Tout était surréaliste dans ce pays. Les colons faisaient semblant de vivre encore dans les années '50. Ils caressaient encore des symboles monarchiques, des lions, des licornes, des fleurs stylisées ou bien d'autres totems préhistoriques. Ils frémissaient comme des oies à penser que notre monde n'avait pas changé depuis le temps de Papa a raison. Et ils étaient bien seuls, oui bien seuls. C'est l'apathie et l'habitude qui les maintenaient au pouvoir, un ciment fragile qui craquelait autant que les routes de ce drôle de pays.
Pendant ce temps, le pays avait beaucoup changé de sorte qu'il ne restait plus aux colons des Anciens Régimes que deux ou trois gros villages retranchés. On y vivait sur l'illusion que tout cela serait éternel et infrangible. La nation A plus la nation B plus Papa a raison.
Et ça changeait. C'est fou ce que ça changeait. Des villes entières changeaient de rythmes, de rites et de rires. Et pas nécessairement les plus petites.
Le monde était entré dans ce petit monde qui croyait régner pour mille ans alors qu'il tirait vraiment à sa fin.

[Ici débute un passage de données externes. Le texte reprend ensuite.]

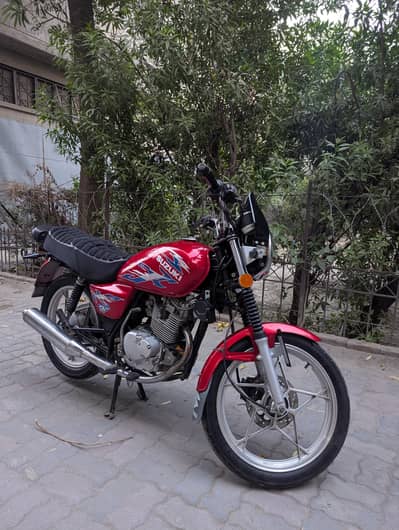 Suzuki GS-150 SE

Une conscience planétaire parcourait le globe. Quelque chose de plus fort que la police. De plus fort que la pensée drabe des fins finauds coloniaux des Anciens Régimes.
Et on allait vivre ça, le voir de notre vivant, l'écroulement de l'Empire, c'est-à-dire la renaissance de ce petit pays surréaliste.

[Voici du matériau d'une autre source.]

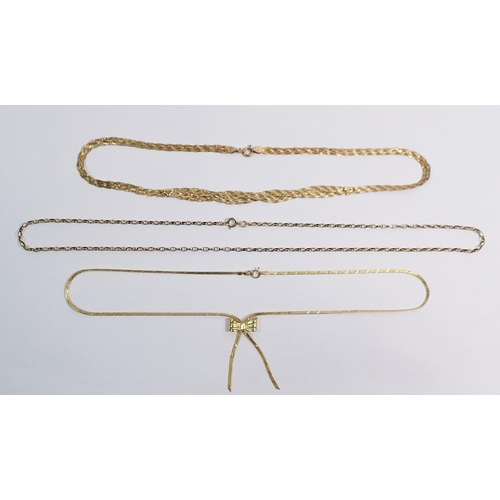 482 - Three various 9 carat gold chain necklaces, 13g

C'était dans l'air. Dans le temps.
Il fallait prévoir l'imprévisible. Et ce n'était pas facile. Non, pas du tout.
Le monde avait changé. Mais pas ce monde-là, enfin pas tout à fait. La politique était en décalage total avec la société civile. C'est ce qui faisait de ce pays-là une caricature de petit pays colonial, en un temps où plus personne n'écoutait Papa a raison. Où tout le monde s'en calissait d'aplomb.
Un jour ou l'autre on allait se rendre compte que tout ce monde-là n'était plus qu'un mythe.